SPRING is finally here and it’s the last day of the month and we all know what that means. Well…we know what that means when I actually remember it’s the end of the month, which is, admittedly, hit or miss. It can’t be helped. I’m a magpie. I get distracted easily by shiny things. Why do you think Kisses & Chaos is all over the map. I mean ghosts, fashion, science, long rants, photography, trivia…yup…magpie.
What was I saying? (see…)
Oh yeah! It’s time for a new edition of Postscript! So before I get distracted by another random tangent, let’s get down to it.
FRIED EASTER DELICACIES AND THE DEATH OF CADBURY
* Are you ready? Deep Fried Cadbury Cream Eggs. (Thanks, Kathleen for bringing this recipe to my attention, my mouth f’ing loves you…my soon to be expanding ass, however, feels differently.)

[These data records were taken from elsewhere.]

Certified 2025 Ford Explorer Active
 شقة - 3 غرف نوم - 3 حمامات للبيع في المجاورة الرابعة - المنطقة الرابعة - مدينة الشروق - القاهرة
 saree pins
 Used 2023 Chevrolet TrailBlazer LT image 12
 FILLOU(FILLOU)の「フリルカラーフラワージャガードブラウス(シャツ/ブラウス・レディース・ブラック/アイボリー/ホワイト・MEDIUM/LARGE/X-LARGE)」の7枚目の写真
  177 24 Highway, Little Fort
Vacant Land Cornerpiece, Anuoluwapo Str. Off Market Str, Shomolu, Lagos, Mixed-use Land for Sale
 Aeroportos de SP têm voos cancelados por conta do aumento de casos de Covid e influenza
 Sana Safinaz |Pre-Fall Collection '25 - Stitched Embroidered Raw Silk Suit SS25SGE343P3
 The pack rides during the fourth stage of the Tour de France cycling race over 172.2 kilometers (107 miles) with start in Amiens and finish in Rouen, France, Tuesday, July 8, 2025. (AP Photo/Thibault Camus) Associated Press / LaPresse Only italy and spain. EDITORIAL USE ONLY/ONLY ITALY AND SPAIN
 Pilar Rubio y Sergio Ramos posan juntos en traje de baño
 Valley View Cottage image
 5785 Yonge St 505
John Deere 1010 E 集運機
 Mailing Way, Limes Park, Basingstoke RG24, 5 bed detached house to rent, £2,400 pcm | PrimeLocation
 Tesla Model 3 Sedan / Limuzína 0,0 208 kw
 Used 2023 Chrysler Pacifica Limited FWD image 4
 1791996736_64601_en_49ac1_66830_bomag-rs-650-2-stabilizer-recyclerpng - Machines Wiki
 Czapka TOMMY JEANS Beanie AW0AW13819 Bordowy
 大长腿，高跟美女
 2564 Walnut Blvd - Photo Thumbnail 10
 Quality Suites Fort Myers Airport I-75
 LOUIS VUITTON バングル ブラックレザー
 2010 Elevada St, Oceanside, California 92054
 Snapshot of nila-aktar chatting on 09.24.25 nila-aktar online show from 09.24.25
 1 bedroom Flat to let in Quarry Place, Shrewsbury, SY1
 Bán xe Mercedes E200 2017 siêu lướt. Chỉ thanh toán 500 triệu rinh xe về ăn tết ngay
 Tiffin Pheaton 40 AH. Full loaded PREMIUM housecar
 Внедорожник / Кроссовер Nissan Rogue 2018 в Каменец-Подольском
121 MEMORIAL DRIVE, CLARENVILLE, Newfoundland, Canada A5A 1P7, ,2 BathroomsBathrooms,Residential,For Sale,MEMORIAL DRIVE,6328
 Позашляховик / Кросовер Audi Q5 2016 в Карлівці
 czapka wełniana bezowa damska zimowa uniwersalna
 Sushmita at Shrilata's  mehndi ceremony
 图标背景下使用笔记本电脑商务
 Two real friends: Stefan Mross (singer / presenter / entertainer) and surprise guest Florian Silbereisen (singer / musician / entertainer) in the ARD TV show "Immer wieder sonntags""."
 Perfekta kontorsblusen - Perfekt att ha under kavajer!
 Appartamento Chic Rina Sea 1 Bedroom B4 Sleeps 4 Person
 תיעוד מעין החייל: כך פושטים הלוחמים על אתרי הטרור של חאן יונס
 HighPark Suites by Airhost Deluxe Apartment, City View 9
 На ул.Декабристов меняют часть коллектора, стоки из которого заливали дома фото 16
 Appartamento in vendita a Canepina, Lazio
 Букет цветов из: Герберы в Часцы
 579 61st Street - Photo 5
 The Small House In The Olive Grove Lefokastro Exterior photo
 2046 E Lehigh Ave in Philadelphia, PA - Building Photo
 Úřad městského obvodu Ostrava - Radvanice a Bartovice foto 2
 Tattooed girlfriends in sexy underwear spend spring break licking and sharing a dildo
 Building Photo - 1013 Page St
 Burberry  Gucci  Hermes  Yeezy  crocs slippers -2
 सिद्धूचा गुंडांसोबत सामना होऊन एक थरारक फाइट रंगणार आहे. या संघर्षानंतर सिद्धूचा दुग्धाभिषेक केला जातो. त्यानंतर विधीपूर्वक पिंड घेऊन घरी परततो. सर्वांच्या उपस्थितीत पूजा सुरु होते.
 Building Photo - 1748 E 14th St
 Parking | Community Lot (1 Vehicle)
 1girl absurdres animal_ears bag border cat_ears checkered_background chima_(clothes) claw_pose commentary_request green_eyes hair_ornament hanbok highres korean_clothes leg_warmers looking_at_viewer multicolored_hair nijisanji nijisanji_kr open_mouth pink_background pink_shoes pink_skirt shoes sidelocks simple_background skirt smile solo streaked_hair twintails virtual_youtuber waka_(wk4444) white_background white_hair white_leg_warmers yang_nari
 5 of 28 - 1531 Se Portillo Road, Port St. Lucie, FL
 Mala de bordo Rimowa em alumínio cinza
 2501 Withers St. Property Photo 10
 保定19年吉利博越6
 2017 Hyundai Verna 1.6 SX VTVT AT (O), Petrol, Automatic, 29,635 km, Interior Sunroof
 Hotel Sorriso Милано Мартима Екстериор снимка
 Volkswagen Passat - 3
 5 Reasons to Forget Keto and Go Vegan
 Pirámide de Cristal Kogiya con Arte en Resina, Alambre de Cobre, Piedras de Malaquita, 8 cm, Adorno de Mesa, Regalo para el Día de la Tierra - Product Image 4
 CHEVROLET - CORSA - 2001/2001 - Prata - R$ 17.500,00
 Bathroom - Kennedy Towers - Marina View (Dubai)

* While we’re on the subject of Cadbury, Hershey won a lawsuit which resulted in the banning of imported UK Cadbury chocolate of any kind. For those of you who have ever had English Cadbury then you understand my pain. This is a travesty. So if you come across any UK Cadbury grab it while you can. (And you can always feel free to send it to me if you find you’ve bought more than is necessary or practical…just sayin’.) Oh…and Screw Youuuuuuuuuuu, Hershey.
* I found this article about couples’ sleeping styles and what it means about their relationships interesting (although some were left out – like one of my ex’s who would only “allow” our feet to touch for a few minutes before he pulled away. And before you ask, yes he had some major issues. There’s a reason he’s an ex. *wink*).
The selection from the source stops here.